Oltretutto Marina è attiva anche nel sociale: dopo il terremoto in Abruzzo, ha fatto richiesta alla Protezione civile per poter offrire le sue competenze come volontaria. Attualmente sta aspettando un posto nella scuola di specializzazione di Neurologia specificando che i posti sono pochi. Intanto però lavora con suo padre, che gestisce uno studio agopunturistico, da cui impara la medicina cinese. «Ho sempre voluto fare il medico», spiega, «da quando avevo più o meno 3 anni. È un privilegio essere la persona a cui viene affidata la propria vita. Per vita non intendo solo la salute, ma tutto ciò che circonda una persona: la famiglia, i propri sogni, il passato e il futuro».

Cinisello-Hong Kong
Athos alla prima esclamazione di Mari dice: «Io invece non me lo pongo neanche il problema, mi sento al cento per cento italiano!». Io e Athos abbiamo passato cinque anni di superiori insieme, dividendoci solo nel periodo universitario. Ora, lui è laureando in Ingegneria civile presso il Politecnico di Milano, e sta lavorando ad una tesi interessante sulla insonorizzazione delle abitazioni. Vorrebbe applicare le soluzioni discusse nella tesi anche al circolo Arci a Cinisello Balsamo, dove collabora con i suoi amici gestori del locale. Lo vedo spesso impegnato con iniziative interculturali (corsi di danza del ventre) e attività teatrali. Nel futuro prossimo prevede incontri e mini-concerti con le comunità immigrate nella periferia di Cinisello.

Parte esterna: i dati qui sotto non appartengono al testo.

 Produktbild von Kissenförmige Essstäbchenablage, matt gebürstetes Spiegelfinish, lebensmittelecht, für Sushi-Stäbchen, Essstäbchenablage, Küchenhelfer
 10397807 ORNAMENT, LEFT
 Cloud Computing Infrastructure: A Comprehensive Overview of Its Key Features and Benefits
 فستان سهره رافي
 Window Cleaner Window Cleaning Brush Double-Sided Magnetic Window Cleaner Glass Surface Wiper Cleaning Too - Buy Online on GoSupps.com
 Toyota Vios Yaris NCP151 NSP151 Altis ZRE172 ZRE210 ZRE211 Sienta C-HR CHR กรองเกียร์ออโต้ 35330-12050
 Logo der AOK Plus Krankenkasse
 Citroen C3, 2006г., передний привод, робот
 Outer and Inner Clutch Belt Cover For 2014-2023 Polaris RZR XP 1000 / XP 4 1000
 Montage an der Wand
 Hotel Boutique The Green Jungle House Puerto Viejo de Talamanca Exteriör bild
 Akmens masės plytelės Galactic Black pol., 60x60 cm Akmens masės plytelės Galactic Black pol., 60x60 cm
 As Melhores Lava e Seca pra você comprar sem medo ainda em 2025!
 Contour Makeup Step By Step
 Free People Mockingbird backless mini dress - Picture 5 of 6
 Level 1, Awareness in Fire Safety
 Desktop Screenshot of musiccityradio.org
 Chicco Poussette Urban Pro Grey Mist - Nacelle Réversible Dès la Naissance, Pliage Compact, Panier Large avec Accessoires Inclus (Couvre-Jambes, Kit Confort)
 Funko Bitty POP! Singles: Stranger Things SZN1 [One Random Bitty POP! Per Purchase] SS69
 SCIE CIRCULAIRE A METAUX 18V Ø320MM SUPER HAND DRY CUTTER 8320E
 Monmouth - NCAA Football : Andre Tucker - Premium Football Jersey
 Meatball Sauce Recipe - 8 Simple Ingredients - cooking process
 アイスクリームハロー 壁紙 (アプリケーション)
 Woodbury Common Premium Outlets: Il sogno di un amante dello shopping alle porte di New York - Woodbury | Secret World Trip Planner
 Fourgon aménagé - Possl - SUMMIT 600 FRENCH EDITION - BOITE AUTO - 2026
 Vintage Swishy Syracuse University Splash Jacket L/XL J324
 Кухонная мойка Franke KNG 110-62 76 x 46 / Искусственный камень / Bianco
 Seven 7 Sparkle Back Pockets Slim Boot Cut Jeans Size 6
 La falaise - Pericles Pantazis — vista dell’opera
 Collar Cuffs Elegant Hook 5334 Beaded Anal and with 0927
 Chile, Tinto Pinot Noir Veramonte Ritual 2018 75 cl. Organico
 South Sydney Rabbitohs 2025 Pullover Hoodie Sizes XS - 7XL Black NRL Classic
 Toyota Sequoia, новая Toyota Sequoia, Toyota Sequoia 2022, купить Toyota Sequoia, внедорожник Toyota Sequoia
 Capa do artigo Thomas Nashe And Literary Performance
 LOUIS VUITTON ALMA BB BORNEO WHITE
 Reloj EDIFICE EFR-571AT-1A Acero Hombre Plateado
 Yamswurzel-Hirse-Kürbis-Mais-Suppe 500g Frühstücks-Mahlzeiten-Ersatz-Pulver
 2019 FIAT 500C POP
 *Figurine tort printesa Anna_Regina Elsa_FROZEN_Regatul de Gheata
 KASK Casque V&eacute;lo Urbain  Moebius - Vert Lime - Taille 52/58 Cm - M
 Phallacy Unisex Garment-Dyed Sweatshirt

Gli chiedo se e come è stato a contatto con la comunità cinese in Italia e lui mi risponde: «Purtroppo no. Mia madre quando emigrò in Italia venne da sola, senza familiari e già fidanzata con mio padre. L’unico contatto che lei ebbe con la comunità cinese fu quando lavorò per poco come interprete e traduttrice per uno scrittore cinese qui a Milano, poi nulla. Sono stato però nella “comunità cinese” in Cina ed a Hong Kong con i miei parenti». Com’è stato?: «I miei parenti a Hong Kong mi vedevano come uno di loro, data l’occidentalizzazione del Paese. A Fasan (in Cina) invece venivo visto come il classico occidentale portatore di tutti gli stereotipi di chi vive dall’estero». Quando sarai ingegnere pensi che dovrai dimostrare qualcosa in più, come diceva Mari? «Le discriminazioni ci sono e ci saranno sempre, personalmente nelle mie poche esperienze lavorative, non ho mai avuto nessun problema del genere. Credo nella buona fede delle persone».